# Had Jim Wangers sign my car yesterday!



## revsitup (Nov 9, 2007)

Thought I would share a couple pictures from the A.E. Golden Pontiac show in Reading Pa. on Sunday. They had Jim Wangers & Dave Anderson there as guest . 
Jim had a great presentation on the history of how the name "Wide-track Pontiac" came about.
Afterwards Jim was nice enough to sign a couple of our cars !
Here are a few pics of Jim signing my car & one with a few members of The SVGTOTigers club with Jim. 
I was a pretty neat day for sure!

Brent


----------



## GTO JUDGE (May 14, 2005)

arty: Brent!!!

For the man who was responsible for the Judge to sign it, it's is the icing on the cake. 

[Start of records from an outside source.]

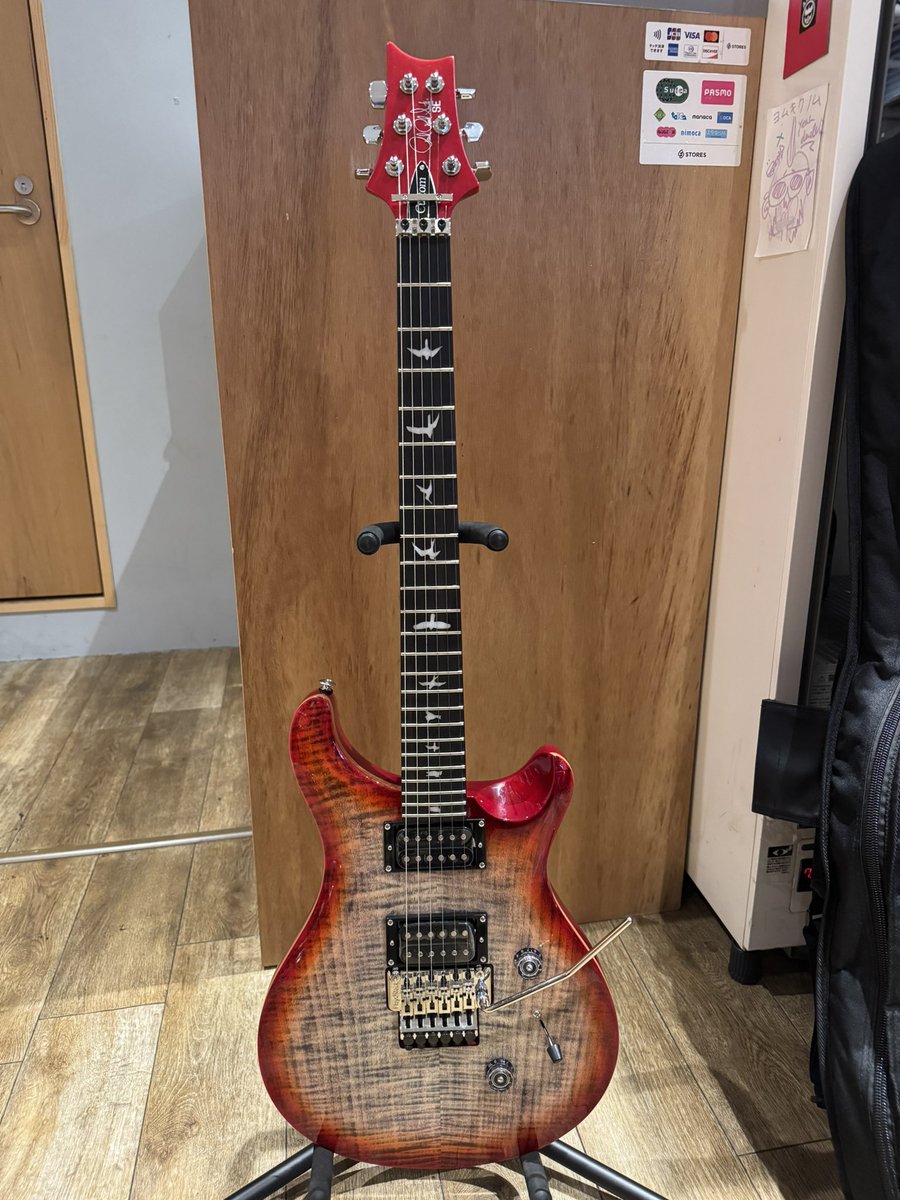 Spro_Gt's tweet photo. 完全に宍倉さんの影響でPRSを買ってしまった。。。
SEですが、、、

Floyd仕様の独特のスペックですが、ストックのままでも凄く使いやすいですよ。 https://t.co/x8gbkuIa8o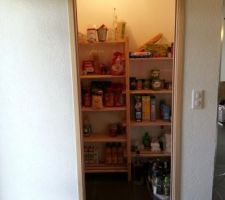 Photos int&eacute;rieure. .. manque un gros coup de deco au salon et salle &agrave; manger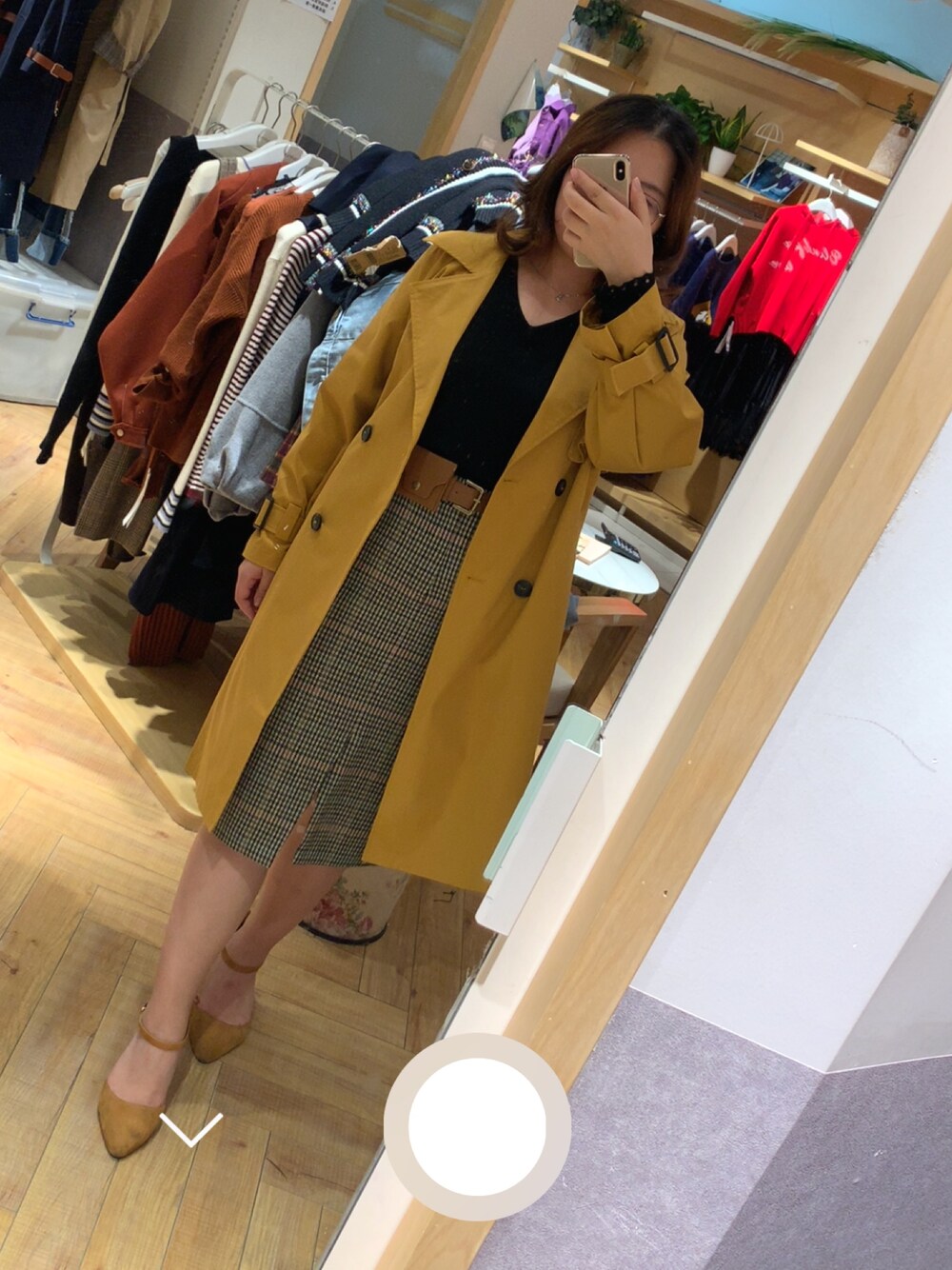 「秋のコーデ」｜「紫涵のアイテム（マウンテンパーカー、オレンジ系）」を使った、一个胖子的日常さん（レディース・160cm）の秋コーディネートの1枚目の写真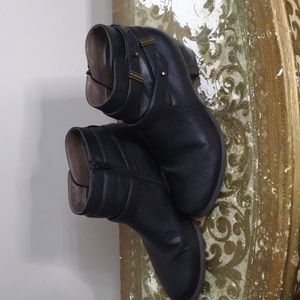 EUC Natural Soul black bootie size 9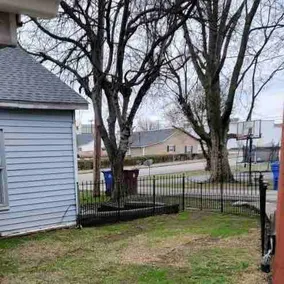 Pet friendly house with 3 king beds and fenced in back yard. - Image 3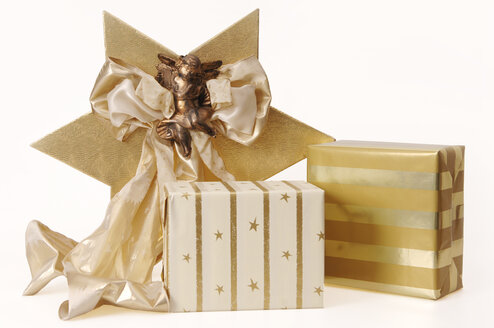 Christmas presents with bow and angel decoration - 00079LR-U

I wish everyone could see this car, you'd be hard pressed to find many others as done as well as this one. It's a crowd pleaser and multiple award winning car.
AWESOME!!


----------



## Rukee (Feb 8, 2007)

Congrats! It looks like one sweet a** ride!! :cheers


----------



## Aramz06 (Mar 2, 2008)

Hey thats 2 of you now! :cheers


----------



## macgto7004 (Jul 22, 2007)

Congrats Brent!
What an awesome addition to an awesome car!

mac


----------



## SANDU002 (Oct 13, 2004)

I have seen this car before at other shows and it is a BEAUT!!!!


----------



## Andy68GTO (Nov 15, 2007)

In the fourth picture if you look closely you can see a blue 68. It seems to be overshadowed by this Judge. :rofl: :lol:! Seriously, this was a great day and hearing Jim tell his stories about the first Judge prototype to Brent was great. (I believe they used a limelight green 69 and painted it Orange) What a great show!!! :cool

Andy
SVGTO Treasurer


----------



## ppurfield001 (Jan 21, 2008)

Andy68GTO said:


> In the fourth picture if you look closely you can see a blue 68. It seems to be overshadowed by this Judge. :rofl: :lol:! Seriously, this was a great day and hearing Jim tell his stories about the first Judge prototype to Brent was great. (I believe they used a limelight green 69 and painted it Orange) What a great show!!! :cool
> 
> Andy
> SVGTO Treasurer


In all the stories I've heard from people who have met Jim Wangers, he always comes across as a decent guy who simply loves Pontiacs, like most of us. Someday, I've got to get him to sign my car..........


----------



## geeteeohguy (Feb 2, 2008)

I've never met Jim Wangers, but I'd like to. He is a true American Icon, and has played a huge part in the developement and marketing of great high performance Pontiacs. A drag racer, a consultant, a marketing expert, and a gearhead's gearhead, he is living, breathing history. I have a friend who met him at a Pontiac event about 18 years ago, and same thing: the man is the real deal. I don't have a Judge, but he could sign my '65 or my '67 any time!!
Jeff


----------



## revsitup (Nov 9, 2007)

Andy68GTO said:


> In the fourth picture if you look closely you can see a blue 68. It seems to be overshadowed by this Judge. :rofl: :lol:! Seriously, this was a great day and hearing Jim tell his stories about the first Judge prototype to Brent was great. (I believe they used a limelight green 69 and painted it Orange) What a great show!!! :cool
> 
> Andy
> SVGTO Treasurer


Hey Andy, Heres a picture of that blue 68 overshadowing a sweet new G8. :lol:
Whats up with that! 
btw Did you polish your fanbelts yet. I heard they were taking points off for faded fanbelts @ that show! 
Just kidding Andy
Brent


----------



## macgto7004 (Jul 22, 2007)

revsitup said:


> Hey Andy, *Heres a picture of that blue 68 overshadowing a sweet new G8.* :lol:
> Whats up with that!
> btw Did you polish your fanbelts yet. I heard they were taking points off for faded fanbelts @ that show!
> Just kidding Andy
> Brent


:rofl: Just goes to show that Pontiac style and performance is still going strong 40 years later! 

mac


----------